Dual study programs to expand:

The study identifies a need for action in assuring that students are constantly and permeably qualified starting from a computer science diploma course up towards the master’s degree. Therefore, there should be more vocational courses of study available leading to bachelor and master degrees.

Better match between course contents and practical requirements needed:

There is a mismatch between the requirements of the companies and the qualifications of the applicants. Graduates often lack key competences such as project management; in addition they lack practical experience and soft skills such as communication and social skills.
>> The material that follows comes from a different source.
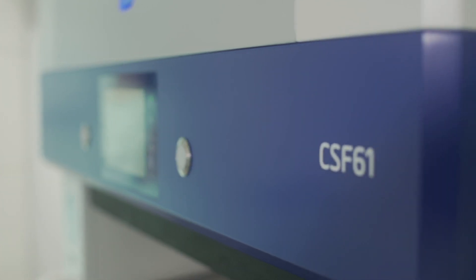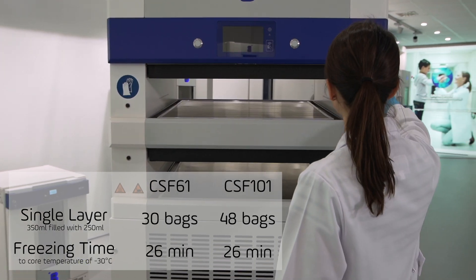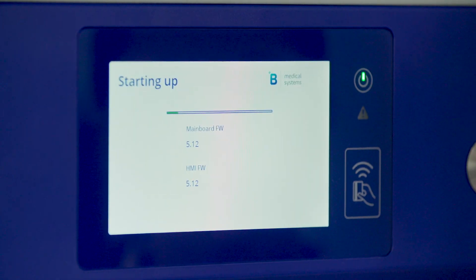B Medical Systems' contact shock freezers are designed to cool down your valuable plasma to a core temperature below minus 30 degrees Celsius in an industry-leading time.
A lack of economic and technical expertise is also emphasized. 70 per cent of the companies surveyed indicate that applicants lack the combination of IT and business know-how.

Dr. Thomas Kamps, managing director of conweaver GmbH, Darmstadt, formulates the requirements for tomorrow’s specialists as follows: “The desired employee of the future would look like this - on one the side he has had an outstanding technical training, on the other side he is very communicative and socially well integrated and at best can also sell our products well”.

Dr. Roland Lentz, Head of the division Innovation and Environment of the Darmstadt Chamber of Trade and Commerce, notes: “The specialists of tomorrow do not only require knowledge of computer science, mathematics and programming, but they also must be talented to understand others and have an intercultural understanding in general. These qualities we certainly have to develop in the university and in further advanced educational programs”.

Authors of this study are the Darmstadt Chamber of Trade and Commerce together with southern Hesse enterprise network IT FOR WORK, Fraunhofer Institute for Experimental Software Engineering in Kaiserslautern and the Saarland Computer Science Competence Center.

The results of the study will be discussed on 5 October 2011 in the Darmstadt Chamber of Trade and Commerce with representatives from science and economics of the Software-Cluster region starting at 5 pm. The discussion will be moderated by Alexander Schmitt of the Hessian Broadcasting (Hessischer Rundfunk).

Data source: Companies in the Software-Cluster region were asked to participate in an online survey between March and May 2011. 50 companies responded. The online survey was complemented by a written and telephone-based expert survey carried out among the partners of the Software-Cluster.